Your answer must be the exact lines of the listing below that run from the line with "How should you" to the line with "Naklejka premium purple", ends included, and no pictures.
[Records for this exercise Boundary: Start]
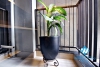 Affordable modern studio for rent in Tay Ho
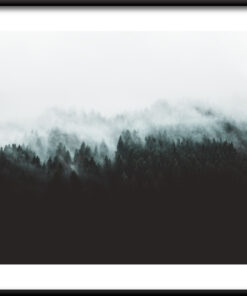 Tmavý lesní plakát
[Records for this exercise Boundary: End]
[Records for this exercise Boundary: Start]
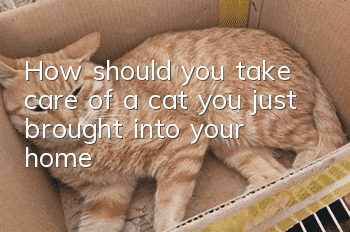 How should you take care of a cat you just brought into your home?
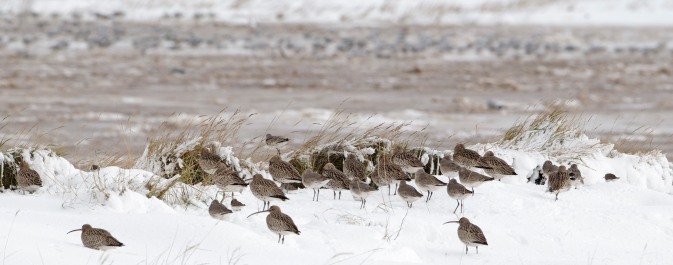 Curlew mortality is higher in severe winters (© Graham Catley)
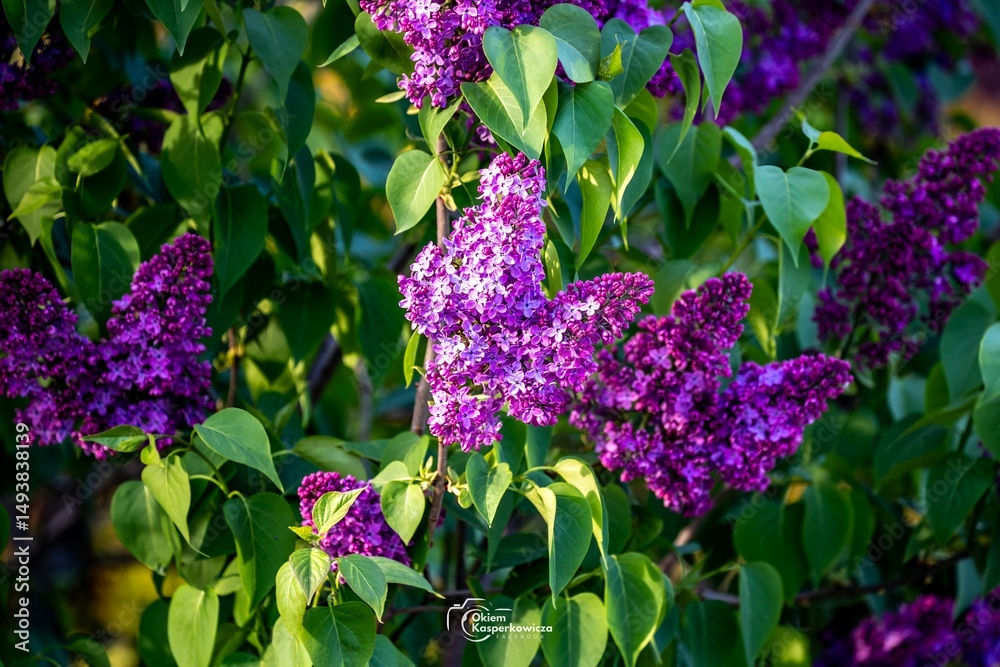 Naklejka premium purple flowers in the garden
[Records for this exercise Boundary: End]
• _Answer space_
 How should you take care of a cat you just brought into your home?
 Curlew mortality is higher in severe winters (© Graham Catley)
 Naklejka premium purple flowers in the garden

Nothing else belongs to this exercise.